SENATORS HEAR LANDFILL, SEWER LINE FRUSTRATIONS

Oct. 9, 2002 – Area residents are fed up with sharing their air with the Bovoni landfill, and it's time to move the island's waste disposal somewhere else, several witnesses said on Wednesday at a meeting of the Senate Planning and Environmental Protection Committee.
"We stood back too long, and we're not going to take it," Terecita Rivera, president of the Bovoni Homeowners Association, said.
Sen. Adelbert Bryan urged the residents to file a class-action suit against the government if they want to see changes made.
When the landfill was built 28 years ago, Rivera said, neighborhood residents were assured it would be used for only two years. Since then, she said, people living in the area have developed myriad health problems. "I'd like to know how much longer the dump will be there?" she asked, coughing into her handkerchief.
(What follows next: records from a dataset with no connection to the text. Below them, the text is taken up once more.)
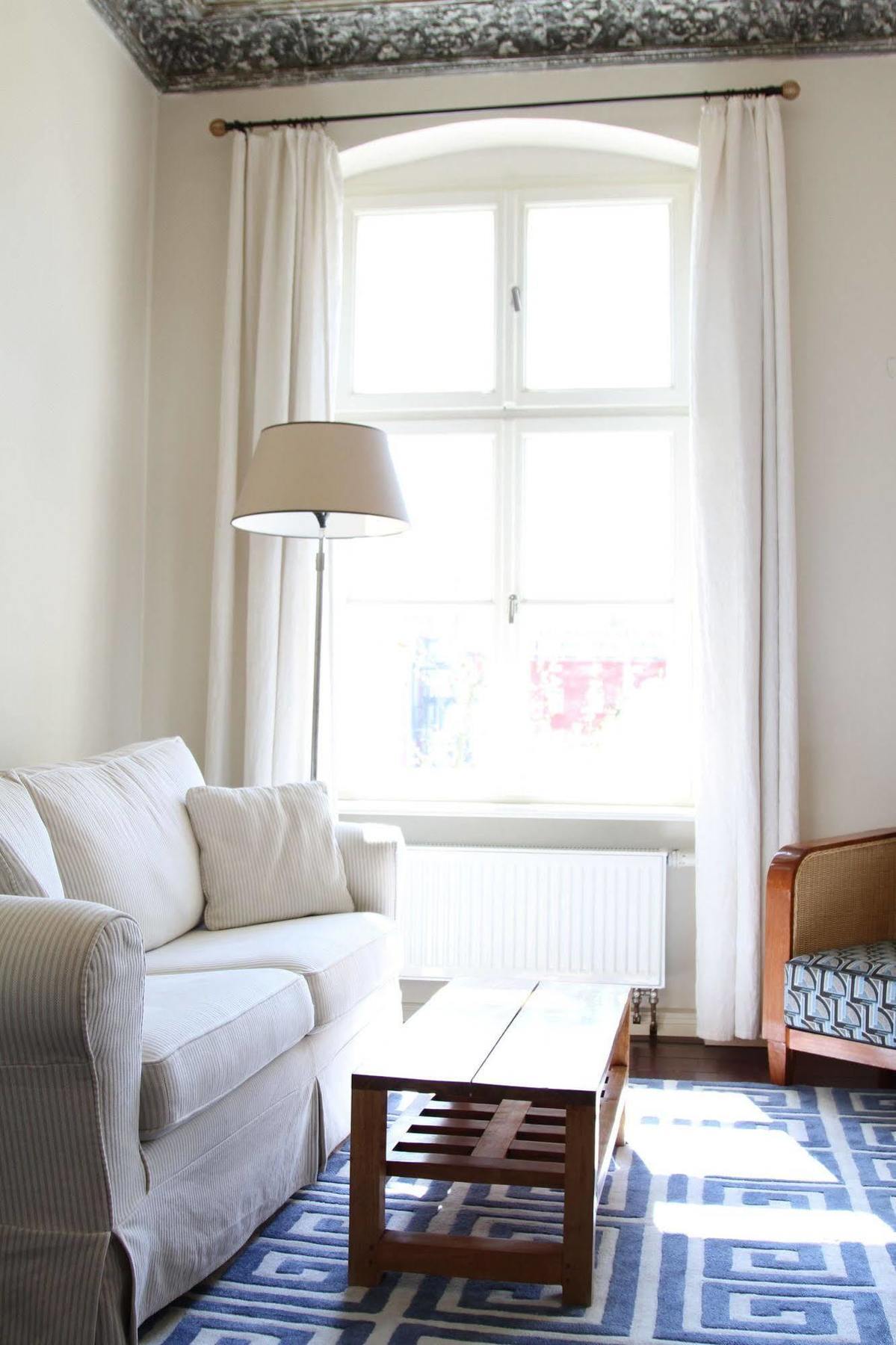 Ackselhaus & Blue Home Berlin Zewnętrze zdjęcie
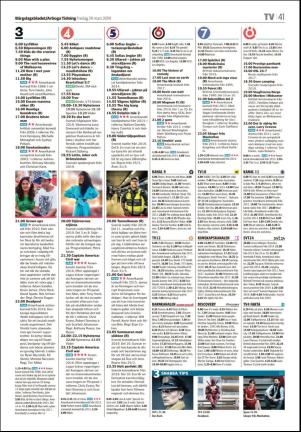 bargslagsbladet-20190329_000_00_00_041.pdf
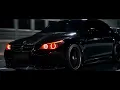 Download Lagu BMW M5 E60/ Super music/2025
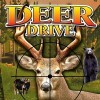 SCS Software новые игры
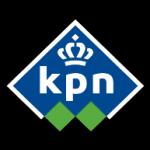 logo KPN Telecom(78)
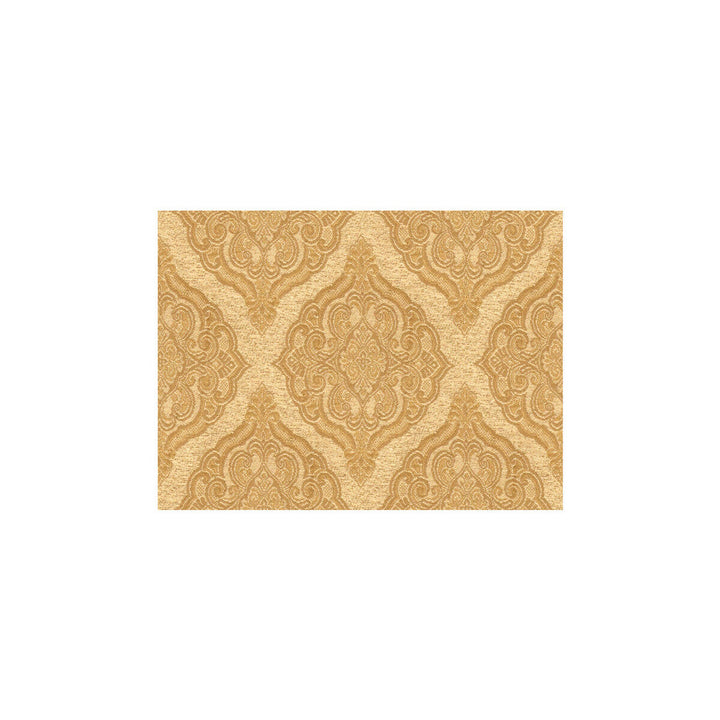 Kravet Design 32533-16 by Kravet Design Fabric Kravet Design Fabric Kravet Design 32533-16Fabric GIS RAYON - 70%;POLYESTER - 22%;FLAX - 8% United States </p><p>Repeat: H: 7, V: 10.5 59 - Fabric Carolina -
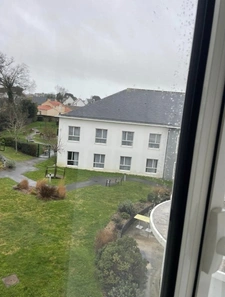 Programme immobilier neuf de 2 lots à Pornichet (44380)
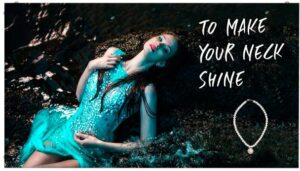 Купить Экран LED LG LSCB025 FHD для P2.5 - 4D-15066844 из реестра по лучшей цене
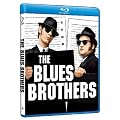 The Blues Brothers (Blu-Ray+Digital Copy)
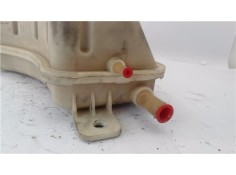 Recambio de botella expansion para kia sorento (bl) 2.5 crdi referencia OEM IAM 254E+205  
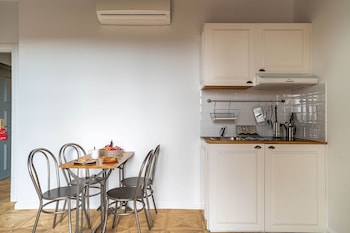 casa gracia apartments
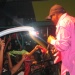 fresh_fete_fri_mar06-26
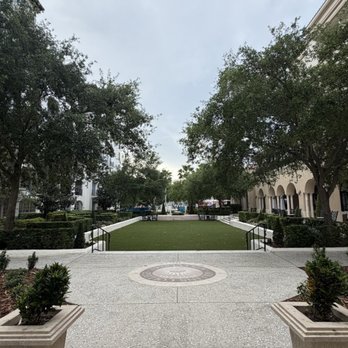 The Alfond Inn - Hotels Near Me - Winter Park, Florida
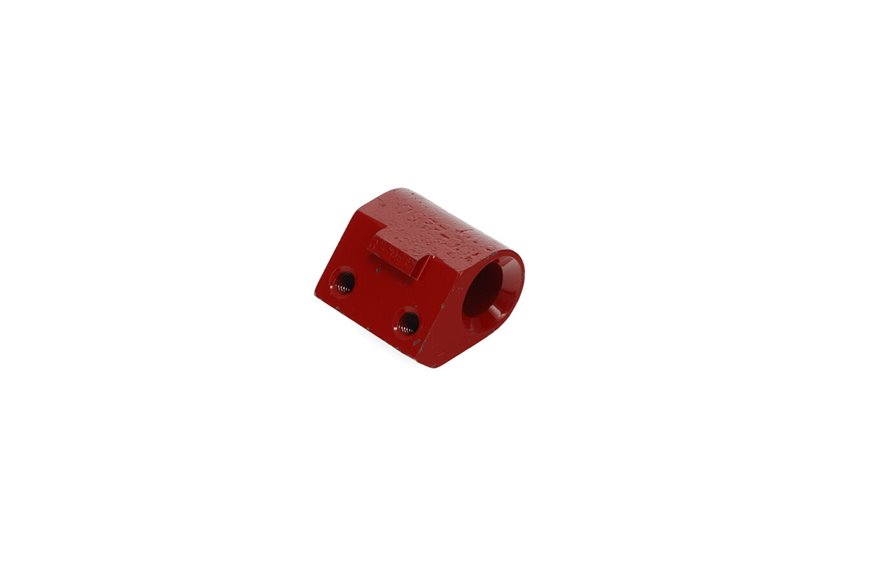 Rear Hoc Bracket Asm - Originale Toro - 100-2262-01
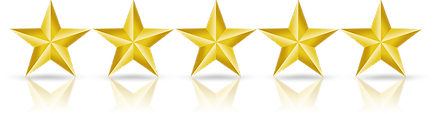 Five-star-logo.png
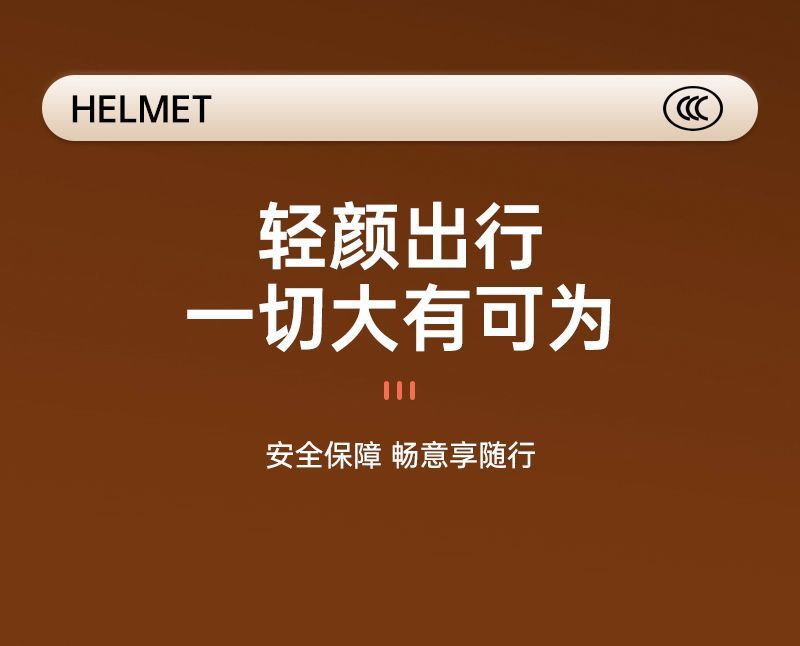 8d001106-f4e8-4369-982f-867b3956f0ba.jpe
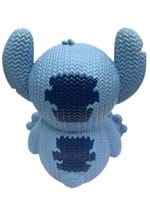 Stitch Handmade by Robots Vinyl Figure Alt 3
It was a question with no easy answer. Hollis Griffin, who heads the Environmental Enforcement Division of the Planning and Natural Resources Department, said every alternative proposed for handling the garbage that makes it to the front burner gets shot down.
Roan Creque, Public Works deputy director of operations, said a plan formulated a decade ago to convert the garbage to energy depended on transferring St. John's garbage to Bovoni because St. Thomas did not generate enough to make the project financially viable. St. John's waste is still trucked to Bovoni, but the conversion program never materialized.
Creque also said that St. John's Susannaberg dump was shut down because it was fouling a major aquifer and because the site is adjacent to the Myrah Keating Smith Community Health Center. He didn't mention a major underground fire that caused problems for several years. And, Creque said, he pushed 22 years ago for system that sorted garbage and utilized recycling, which also never materialized.
While Creque said he was speaking as a Public Works official, a letter to the committee chair, Sen. Donald "Ducks" Cole, from Public Works Commissioner Wayne Callwood indicated otherwise. Callwood, his technical assistant Sonia Nelthropp, and Creque were the Public Works officials invited to testify at the hearing. In the letter, Callwood wrote that he and Nelthropp had a previous commitment and that Creque could speak only as a private citizen.
"I will speak when I desire to speak, and I will not be stopped," Creque countered.
Nadir residents, too, complained of problems dealing with the government. Janet Hansby noted that Public Works planned to tear up the major street in her housing area to install a sewer line but didn't tell residents until days before the work was scheduled to start. (See "Controversial sewer work delayed a month".) The project, which was to get under way in early October, is on hold for a month.
"We're always the last to hear about it," another Nadir resident, William Malone, added. He called the Public Works sewer line plan "inadequate and, frankly, asinine."
Creque told the Nadir representatives it would cost them less to hook up to sewer service if the line goes down their street, rather than along the main road.
Hansby, displaying a bottle of dirty water she said came from her twice-a-day floor mopping, also said that residents suffer from dust spewed by a nearby concrete plant and from sewage smells that come from the nearby gut.
A number of Bovoni and Nadir residents complained about old tires piled up at the Bovoni landfill. Creque said the tires are being moved away from an area near a smoldering underground methane fire. He said Public Work is seeking to have the landfill operator, A-9 Construction, to shred the tires.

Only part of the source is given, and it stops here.